[Task data — start]

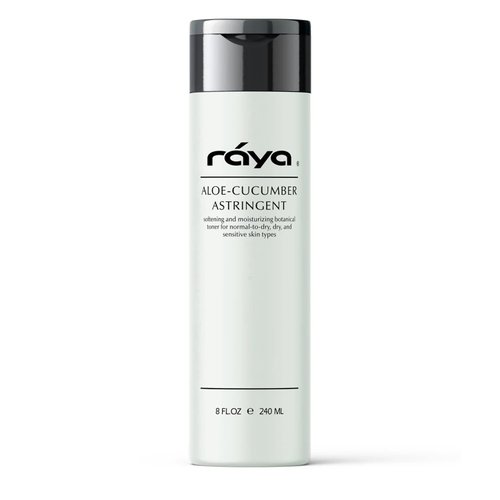 Raya Aloe Cucumber Astringent (202), Facial Toner for Dry and Sensitive Skin - Refreshing, Hydrating and Calming Formula, Gentle Pore Tightening Skincare, Cruelty, Paraben & Alcohol-Free, 6 fl oz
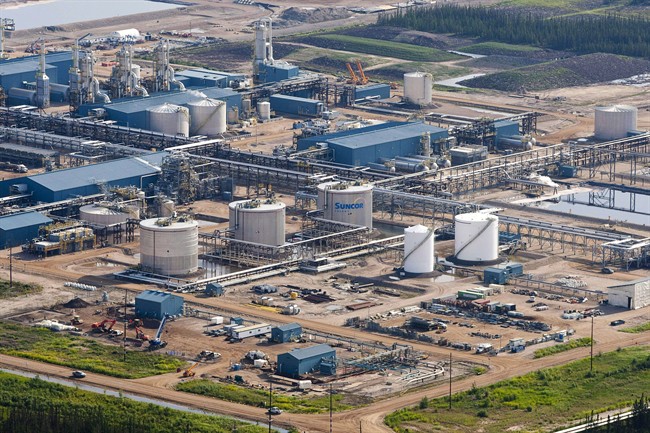 The Suncor Firebag oil sands facility seen near Fort McMurray, Alta., on July 10, 2012. 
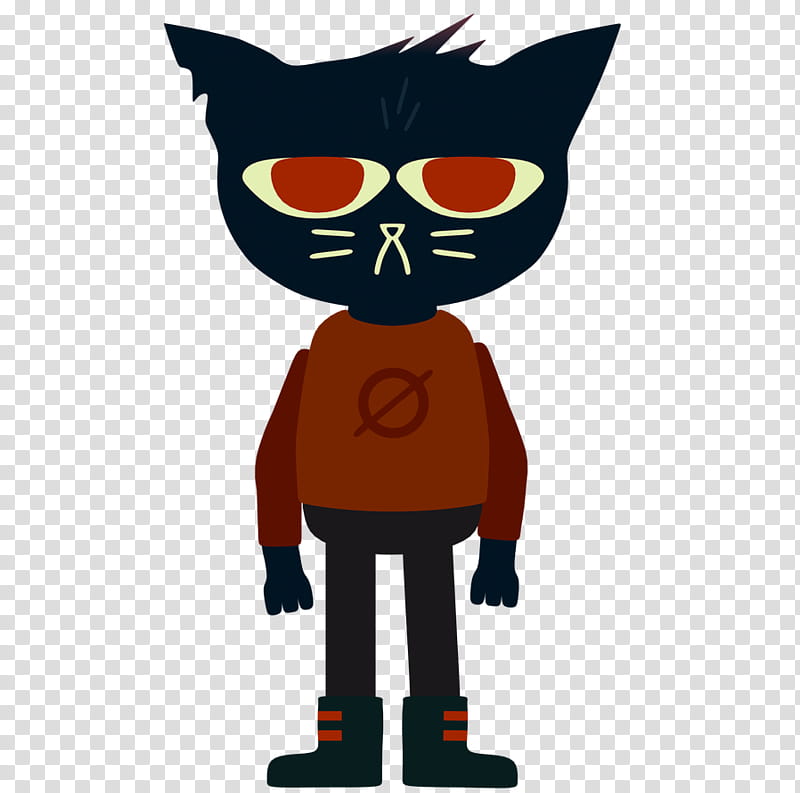 [Blender] Mae (Night In The Woods) transparent background PNG clipart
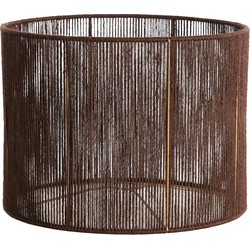 Light & Living - Lampenkap TOSSA - Ø40x30cm - Bruin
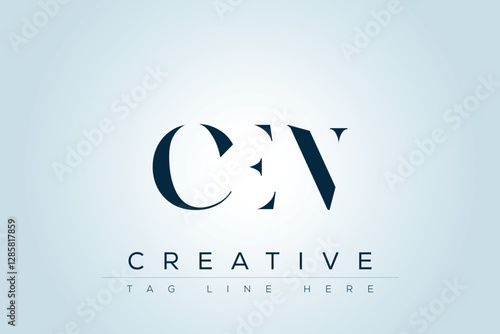 CEN abstract letter logo design. This logo is designed by three abstract letters. 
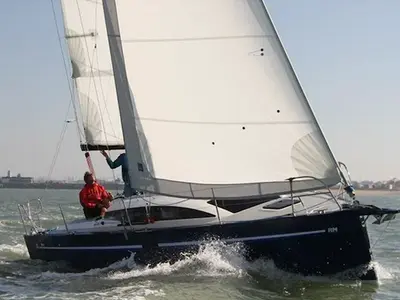 Exterior view of Shore Line, a RM 890 sailboat at La Rochelle, France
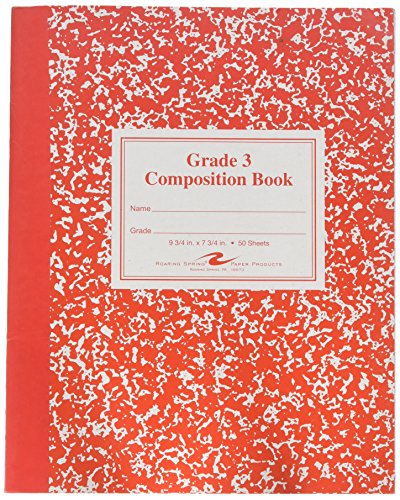 image for Roaring Spring Paper Products Composition Book, Grade 3 Ruled, 50 Shee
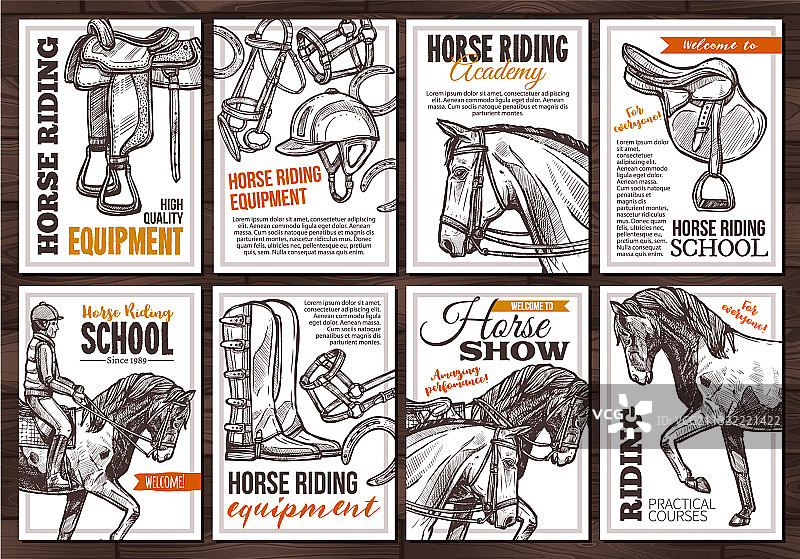 马术运动海报及装备图片素材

[Task data — finish]

Your instructions -> Copy all the entries word for word. Omit any pictures.

Worked solution ->
 Raya Aloe Cucumber Astringent (202), Facial Toner for Dry and Sensitive Skin - Refreshing, Hydrating and Calming Formula, Gentle Pore Tightening Skincare, Cruelty, Paraben & Alcohol-Free, 6 fl oz
 The Suncor Firebag oil sands facility seen near Fort McMurray, Alta., on July 10, 2012. 
 [Blender] Mae (Night In The Woods) transparent background PNG clipart
 Light & Living - Lampenkap TOSSA - Ø40x30cm - Bruin
 CEN abstract letter logo design. This logo is designed by three abstract letters. 
 Exterior view of Shore Line, a RM 890 sailboat at La Rochelle, France
 image for Roaring Spring Paper Products Composition Book, Grade 3 Ruled, 50 Shee
 马术运动海报及装备图片素材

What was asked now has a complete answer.